Collected material:
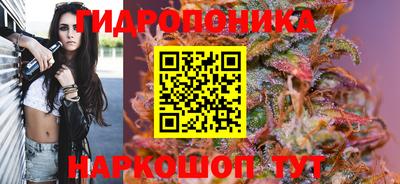 мдпв Тверь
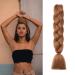 Gairyan jumbo braids extensions lichen art hair 1 piece 100g braiding hair extensions 60cm ombre synthetics braids afro hair for box crochet braids (light auburn) 60 cm (1 piece) Light outer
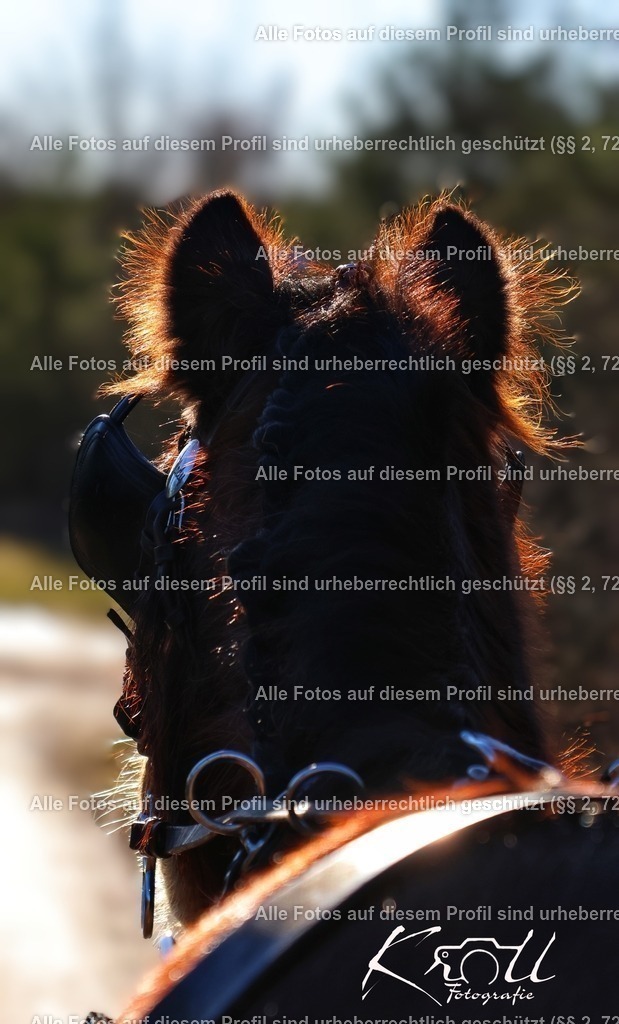 Photo_1706474170092 | krollfotografie - Realisiert mit Pictrs.com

How to complete this task: Go through the data above and transcribe it in full, omitting any image.

Finished exercise:
 мдпв Тверь
 Gairyan jumbo braids extensions lichen art hair 1 piece 100g braiding hair extensions 60cm ombre synthetics braids afro hair for box crochet braids (light auburn) 60 cm (1 piece) Light outer
 Photo_1706474170092 | krollfotografie - Realisiert mit Pictrs.com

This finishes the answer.